Hukum yang berlaku tidak membuat pelaku penambangan emas ilegal jera, lemahnya kontrol dari negara menyebabkan banyaknya kasus PETI yang terjadi, khususnya di wilayah Ketapang Kalimantan Barat. Dalam paradigma kapitalis sekuler, sumber daya alam merupakan komoditas yang harus dikeruk untuk diambil sebanyak-banyaknya keuntungan. Selain itu, kesalahan yang muncul karna kebijakan yang berlaku pada tata kelola sumber daya alam. Negara dalam sistem kapitalisme hanya menjadi fasilitator dan regulator semata.
Sumber daya alam justru diberikan sepenuhnya kepada pemilik modal untuk dikelola. Negara dilarang untuk campur tangan dan korporasi bebas untuk mengelolanya secara bebas. Sistem ekonomi dalam kapitalisme juga menjadi salah satu penguat kehadiran aktivitas PETI. Dalam ekonomi kapitalisme yang berbasis kepada investasi, untung ruginya banyak kepada para pemilik modal, sehingga negara tidak memiliki wewenang dan kekuatan terhadap para korporasi. Karena yang memiliki kekuatan dalam sistem kapitalisme adalah para pemilik modal di dalam perpolitikan.

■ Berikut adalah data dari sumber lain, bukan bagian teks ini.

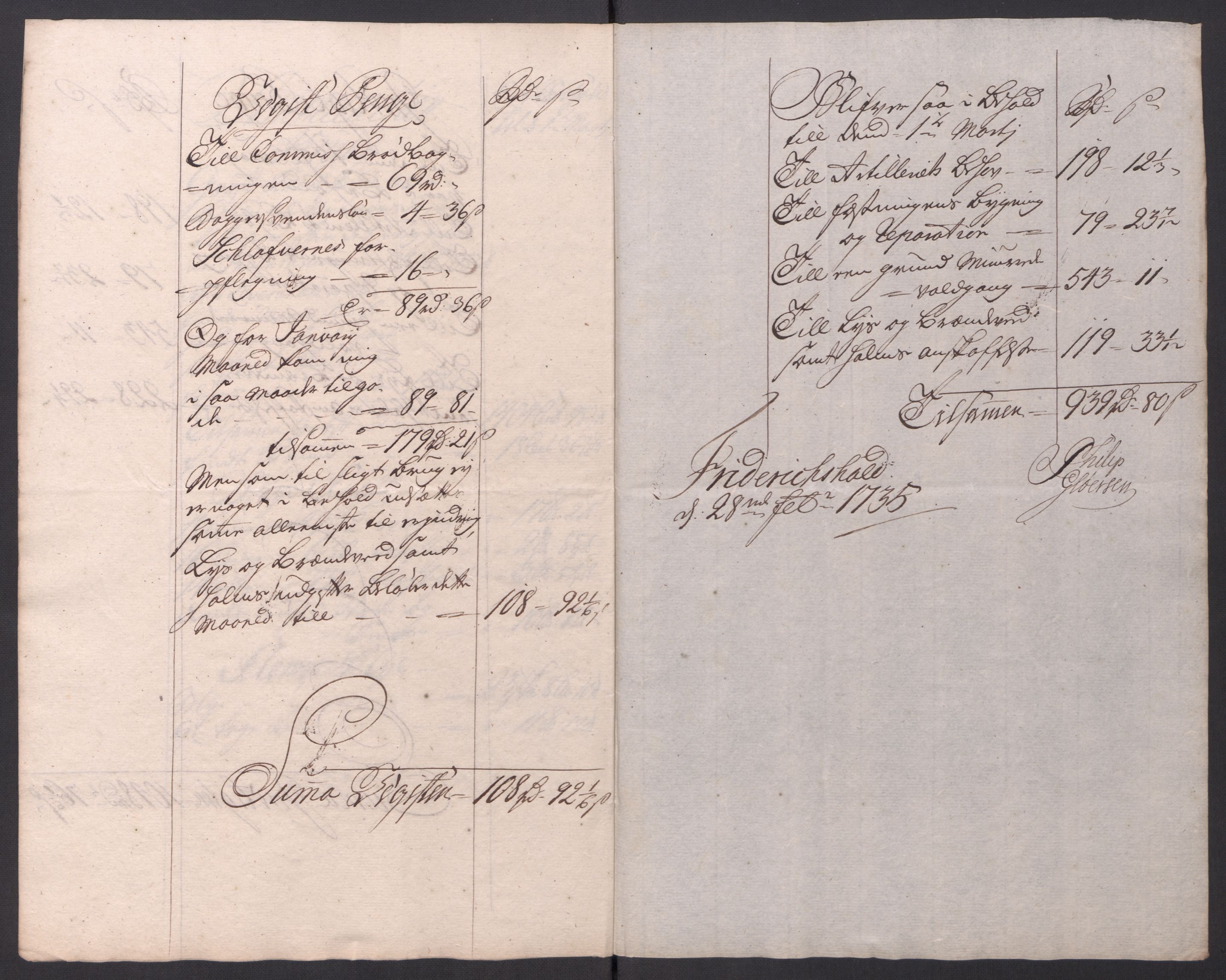 Kommanderende general (KG I) med Det norske krigsdirektorium, RA/EA-5419/D/L0154: Fredriksten festning: Brev, inventarfortegnelser og regnskapsekstrakter, 1730-1739, p. 382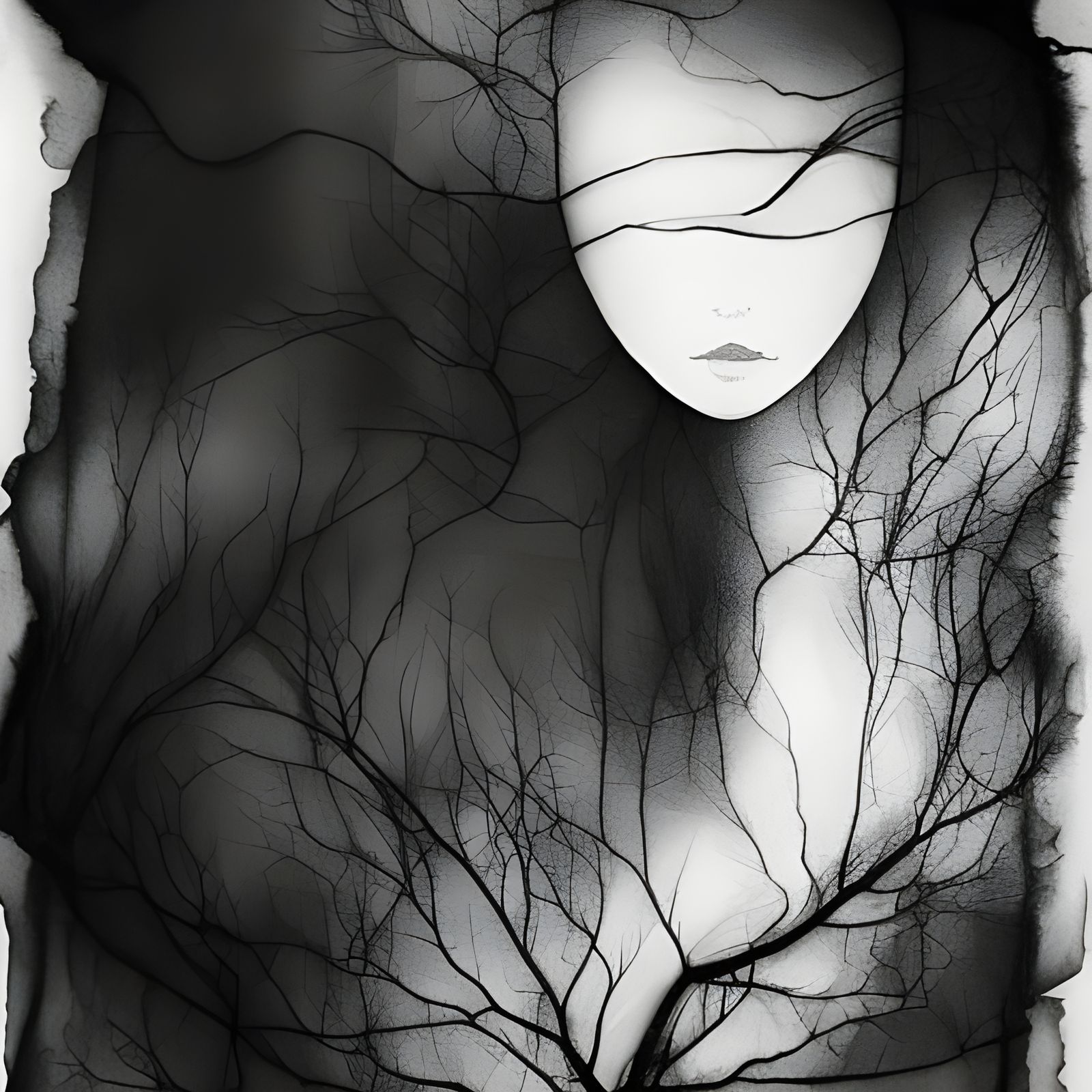 Melancholic Watercolor of Longing in Black and White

Allah telah menciptakan manusia, kehidupan dan alam semesta dengan segala kekayaan sumber daya alamnya bukan untuk dijarah habis-habisan dan dieksploitasi oleh segilintir orang. Tapi dimanfaatkan dengan sebaik-baiknya untuk kemashlatan masyarakat banyak dengan aturan yang telah dibuat oleh Allah Al-Khaliq Al-Mudabbir. Salah satunya adalah penambangan emas yang jelas-jelas hasilnya bisa mensejahterakan banyak orang, tidak boleh dikuasai oleh korporasi.
Di dalam sistem ekonomi Islam ada tiga pengaturan sumber daya alam. Yakni kepemilikan, pengelolaan kepemilikan dan distribusi kekayaan. Di dalam Islam kepemilikan ada tiga yakni kepemilikan umum, kepemilikan negara dan kepemilikan individu. Dalam hal ini, emas merupakan tambang yang tidak terbatas. Sehingga masuk dalam kategori kepemilikan umum yang tidak boleh diprivatisasi dan diekploitasi secara pribadi dan kelompok. Untuk segala sesuatu yang bersifat vital untuk kebutuhan orang banyak seperti padang rumput, air dan api juga termasuk kepada kepemilikan umum yang dikelola oleh negara dan hasilnya diberikan dalam bentuk sekolah, rumah sakit, jembatan, infrastruktur dan lain sebagainya dengan adil dan sejahtera kepada seluruh rakyat tanpa pandang bulu.
Penguasa dalam sistem Islam berfungsi sebagai ra’ain yakni pengurus urusan umat bukan berfungsi sebagai pelayan korporasi. Penguasa wajib memenuhi kebutuhan primer, sekunder dan tersier seluruh rakyatnya diatas kepentingan yang lain. Pengelolaan sumber daya alam hasilnya diperuntukkan kepada kesejahteraan masyarakat.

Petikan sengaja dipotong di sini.